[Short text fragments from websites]
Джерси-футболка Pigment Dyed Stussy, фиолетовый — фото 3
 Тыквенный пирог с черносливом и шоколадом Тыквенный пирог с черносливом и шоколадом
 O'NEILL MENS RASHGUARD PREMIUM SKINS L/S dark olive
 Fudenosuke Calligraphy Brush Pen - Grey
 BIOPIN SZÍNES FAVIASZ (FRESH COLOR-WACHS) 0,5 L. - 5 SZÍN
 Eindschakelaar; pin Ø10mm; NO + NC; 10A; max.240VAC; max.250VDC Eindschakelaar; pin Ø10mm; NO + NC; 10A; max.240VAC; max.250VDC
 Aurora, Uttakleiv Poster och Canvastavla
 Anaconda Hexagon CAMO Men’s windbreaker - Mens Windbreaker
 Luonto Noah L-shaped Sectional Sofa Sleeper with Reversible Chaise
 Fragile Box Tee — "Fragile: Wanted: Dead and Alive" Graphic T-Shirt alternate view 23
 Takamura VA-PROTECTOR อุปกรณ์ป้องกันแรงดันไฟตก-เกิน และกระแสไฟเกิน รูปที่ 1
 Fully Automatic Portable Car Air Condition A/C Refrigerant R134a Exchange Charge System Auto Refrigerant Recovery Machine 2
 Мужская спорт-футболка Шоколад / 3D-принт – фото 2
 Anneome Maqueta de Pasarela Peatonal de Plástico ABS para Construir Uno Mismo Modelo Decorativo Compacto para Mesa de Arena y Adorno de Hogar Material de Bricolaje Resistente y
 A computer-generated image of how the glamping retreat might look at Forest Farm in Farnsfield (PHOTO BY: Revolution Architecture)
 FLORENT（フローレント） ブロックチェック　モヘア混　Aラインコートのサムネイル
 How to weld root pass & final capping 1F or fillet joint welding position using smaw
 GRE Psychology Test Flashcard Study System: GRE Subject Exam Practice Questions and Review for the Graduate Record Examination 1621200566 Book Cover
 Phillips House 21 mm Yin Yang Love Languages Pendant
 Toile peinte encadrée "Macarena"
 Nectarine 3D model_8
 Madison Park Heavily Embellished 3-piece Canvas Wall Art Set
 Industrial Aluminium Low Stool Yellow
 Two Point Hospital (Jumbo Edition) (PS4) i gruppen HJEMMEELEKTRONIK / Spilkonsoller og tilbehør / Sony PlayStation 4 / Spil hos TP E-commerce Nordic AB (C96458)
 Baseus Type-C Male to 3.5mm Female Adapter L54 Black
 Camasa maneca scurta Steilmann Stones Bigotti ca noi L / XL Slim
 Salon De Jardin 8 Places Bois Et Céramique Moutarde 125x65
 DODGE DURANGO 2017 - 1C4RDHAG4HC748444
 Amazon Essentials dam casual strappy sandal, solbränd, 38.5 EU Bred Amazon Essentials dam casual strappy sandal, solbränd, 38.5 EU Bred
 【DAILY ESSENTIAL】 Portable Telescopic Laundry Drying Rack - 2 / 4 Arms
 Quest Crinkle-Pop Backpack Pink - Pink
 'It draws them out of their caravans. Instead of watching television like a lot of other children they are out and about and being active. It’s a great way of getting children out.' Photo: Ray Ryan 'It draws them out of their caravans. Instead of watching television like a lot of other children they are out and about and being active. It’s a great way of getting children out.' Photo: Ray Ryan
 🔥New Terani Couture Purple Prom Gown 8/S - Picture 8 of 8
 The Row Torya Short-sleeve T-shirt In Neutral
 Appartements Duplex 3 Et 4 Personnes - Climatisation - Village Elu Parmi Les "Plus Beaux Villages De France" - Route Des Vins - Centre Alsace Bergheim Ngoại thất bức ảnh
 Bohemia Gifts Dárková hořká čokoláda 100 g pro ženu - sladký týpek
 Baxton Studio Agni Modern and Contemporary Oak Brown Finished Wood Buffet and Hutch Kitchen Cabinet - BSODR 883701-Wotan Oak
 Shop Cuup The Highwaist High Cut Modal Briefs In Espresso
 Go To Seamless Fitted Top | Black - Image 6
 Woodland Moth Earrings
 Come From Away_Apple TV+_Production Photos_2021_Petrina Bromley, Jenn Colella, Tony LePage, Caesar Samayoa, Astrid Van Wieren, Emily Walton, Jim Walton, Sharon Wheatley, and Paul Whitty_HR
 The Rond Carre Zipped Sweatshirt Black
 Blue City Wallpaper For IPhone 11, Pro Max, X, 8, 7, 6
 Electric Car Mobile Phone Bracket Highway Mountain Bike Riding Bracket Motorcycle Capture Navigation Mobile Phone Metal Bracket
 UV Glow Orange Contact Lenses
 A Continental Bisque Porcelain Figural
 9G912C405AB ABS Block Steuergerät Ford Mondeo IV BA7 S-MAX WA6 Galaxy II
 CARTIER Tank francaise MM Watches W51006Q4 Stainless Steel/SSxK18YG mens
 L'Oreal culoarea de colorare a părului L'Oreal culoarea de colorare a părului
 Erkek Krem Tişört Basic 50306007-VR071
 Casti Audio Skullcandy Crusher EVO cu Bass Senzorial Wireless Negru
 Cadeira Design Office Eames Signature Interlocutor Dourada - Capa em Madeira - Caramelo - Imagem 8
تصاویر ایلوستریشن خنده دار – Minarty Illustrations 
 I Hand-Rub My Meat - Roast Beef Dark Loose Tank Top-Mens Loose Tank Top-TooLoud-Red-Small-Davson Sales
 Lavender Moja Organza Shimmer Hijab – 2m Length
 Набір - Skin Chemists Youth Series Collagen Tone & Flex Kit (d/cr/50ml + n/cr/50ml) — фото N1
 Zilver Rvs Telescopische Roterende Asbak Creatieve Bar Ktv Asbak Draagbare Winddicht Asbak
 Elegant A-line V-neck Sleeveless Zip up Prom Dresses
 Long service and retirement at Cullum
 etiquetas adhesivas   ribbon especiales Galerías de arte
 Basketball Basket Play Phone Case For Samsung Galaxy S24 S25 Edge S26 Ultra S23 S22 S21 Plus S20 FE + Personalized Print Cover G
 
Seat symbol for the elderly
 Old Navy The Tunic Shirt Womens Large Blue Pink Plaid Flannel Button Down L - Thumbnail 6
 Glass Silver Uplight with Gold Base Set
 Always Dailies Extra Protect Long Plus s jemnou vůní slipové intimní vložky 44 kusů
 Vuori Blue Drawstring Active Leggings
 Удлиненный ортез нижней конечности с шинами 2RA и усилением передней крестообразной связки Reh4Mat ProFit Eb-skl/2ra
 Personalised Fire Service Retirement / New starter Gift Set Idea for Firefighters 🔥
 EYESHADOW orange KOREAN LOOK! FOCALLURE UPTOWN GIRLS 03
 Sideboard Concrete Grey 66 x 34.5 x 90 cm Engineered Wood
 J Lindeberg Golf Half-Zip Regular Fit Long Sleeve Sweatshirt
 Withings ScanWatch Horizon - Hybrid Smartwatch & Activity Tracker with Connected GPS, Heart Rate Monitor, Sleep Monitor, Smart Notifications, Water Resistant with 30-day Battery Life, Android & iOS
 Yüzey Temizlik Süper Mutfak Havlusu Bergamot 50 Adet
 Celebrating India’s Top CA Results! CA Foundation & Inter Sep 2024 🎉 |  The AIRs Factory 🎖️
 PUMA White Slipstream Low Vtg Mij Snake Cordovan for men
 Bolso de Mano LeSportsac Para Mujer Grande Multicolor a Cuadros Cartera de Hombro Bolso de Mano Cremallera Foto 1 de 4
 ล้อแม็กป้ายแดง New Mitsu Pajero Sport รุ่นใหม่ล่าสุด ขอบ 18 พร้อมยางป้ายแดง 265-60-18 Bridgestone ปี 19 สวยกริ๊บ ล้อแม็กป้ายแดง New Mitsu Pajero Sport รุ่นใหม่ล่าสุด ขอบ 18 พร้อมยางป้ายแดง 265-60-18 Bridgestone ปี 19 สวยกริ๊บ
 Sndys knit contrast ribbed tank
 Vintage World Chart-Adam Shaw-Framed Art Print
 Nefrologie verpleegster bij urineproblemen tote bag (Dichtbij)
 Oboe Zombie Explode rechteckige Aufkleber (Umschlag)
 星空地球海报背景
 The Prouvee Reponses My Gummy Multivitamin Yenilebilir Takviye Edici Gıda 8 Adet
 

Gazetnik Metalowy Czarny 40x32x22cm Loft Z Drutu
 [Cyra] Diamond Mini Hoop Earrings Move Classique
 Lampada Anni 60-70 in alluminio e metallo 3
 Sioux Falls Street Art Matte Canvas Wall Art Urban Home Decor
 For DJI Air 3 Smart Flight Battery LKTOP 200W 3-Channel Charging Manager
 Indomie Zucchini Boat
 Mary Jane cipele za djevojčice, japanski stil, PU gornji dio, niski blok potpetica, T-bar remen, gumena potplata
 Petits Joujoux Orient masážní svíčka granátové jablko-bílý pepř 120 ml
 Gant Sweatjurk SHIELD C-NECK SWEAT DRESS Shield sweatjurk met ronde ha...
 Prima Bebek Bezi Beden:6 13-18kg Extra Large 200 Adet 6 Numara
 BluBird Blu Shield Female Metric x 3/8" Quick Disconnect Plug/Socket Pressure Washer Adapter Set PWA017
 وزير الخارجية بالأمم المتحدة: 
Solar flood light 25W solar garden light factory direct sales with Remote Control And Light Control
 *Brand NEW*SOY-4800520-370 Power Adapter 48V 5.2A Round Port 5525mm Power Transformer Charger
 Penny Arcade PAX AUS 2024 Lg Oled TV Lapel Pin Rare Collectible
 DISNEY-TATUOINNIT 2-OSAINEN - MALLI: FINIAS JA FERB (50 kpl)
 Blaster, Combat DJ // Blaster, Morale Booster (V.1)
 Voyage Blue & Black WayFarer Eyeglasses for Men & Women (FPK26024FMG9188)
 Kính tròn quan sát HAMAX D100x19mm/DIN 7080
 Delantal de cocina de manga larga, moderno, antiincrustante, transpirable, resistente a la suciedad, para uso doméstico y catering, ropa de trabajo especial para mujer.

Aim of the exercise: Find "Seat symbol for the elderly" in the entries above and copy that whole line exactly, then each line after it through the line that contains "Prima Bebek Bezi".

Result:
Seat symbol for the elderly
 Old Navy The Tunic Shirt Womens Large Blue Pink Plaid Flannel Button Down L - Thumbnail 6
 Glass Silver Uplight with Gold Base Set
 Always Dailies Extra Protect Long Plus s jemnou vůní slipové intimní vložky 44 kusů
 Vuori Blue Drawstring Active Leggings
 Удлиненный ортез нижней конечности с шинами 2RA и усилением передней крестообразной связки Reh4Mat ProFit Eb-skl/2ra
 Personalised Fire Service Retirement / New starter Gift Set Idea for Firefighters 🔥
 EYESHADOW orange KOREAN LOOK! FOCALLURE UPTOWN GIRLS 03
 Sideboard Concrete Grey 66 x 34.5 x 90 cm Engineered Wood
 J Lindeberg Golf Half-Zip Regular Fit Long Sleeve Sweatshirt
 Withings ScanWatch Horizon - Hybrid Smartwatch & Activity Tracker with Connected GPS, Heart Rate Monitor, Sleep Monitor, Smart Notifications, Water Resistant with 30-day Battery Life, Android & iOS
 Yüzey Temizlik Süper Mutfak Havlusu Bergamot 50 Adet
 Celebrating India’s Top CA Results! CA Foundation & Inter Sep 2024 🎉 |  The AIRs Factory 🎖️
 PUMA White Slipstream Low Vtg Mij Snake Cordovan for men
 Bolso de Mano LeSportsac Para Mujer Grande Multicolor a Cuadros Cartera de Hombro Bolso de Mano Cremallera Foto 1 de 4
 ล้อแม็กป้ายแดง New Mitsu Pajero Sport รุ่นใหม่ล่าสุด ขอบ 18 พร้อมยางป้ายแดง 265-60-18 Bridgestone ปี 19 สวยกริ๊บ ล้อแม็กป้ายแดง New Mitsu Pajero Sport รุ่นใหม่ล่าสุด ขอบ 18 พร้อมยางป้ายแดง 265-60-18 Bridgestone ปี 19 สวยกริ๊บ
 Sndys knit contrast ribbed tank
 Vintage World Chart-Adam Shaw-Framed Art Print
 Nefrologie verpleegster bij urineproblemen tote bag (Dichtbij)
 Oboe Zombie Explode rechteckige Aufkleber (Umschlag)
 星空地球海报背景
 The Prouvee Reponses My Gummy Multivitamin Yenilebilir Takviye Edici Gıda 8 Adet
 

Gazetnik Metalowy Czarny 40x32x22cm Loft Z Drutu
 [Cyra] Diamond Mini Hoop Earrings Move Classique
 Lampada Anni 60-70 in alluminio e metallo 3
 Sioux Falls Street Art Matte Canvas Wall Art Urban Home Decor
 For DJI Air 3 Smart Flight Battery LKTOP 200W 3-Channel Charging Manager
 Indomie Zucchini Boat
 Mary Jane cipele za djevojčice, japanski stil, PU gornji dio, niski blok potpetica, T-bar remen, gumena potplata
 Petits Joujoux Orient masážní svíčka granátové jablko-bílý pepř 120 ml
 Gant Sweatjurk SHIELD C-NECK SWEAT DRESS Shield sweatjurk met ronde ha...
 Prima Bebek Bezi Beden:6 13-18kg Extra Large 200 Adet 6 Numara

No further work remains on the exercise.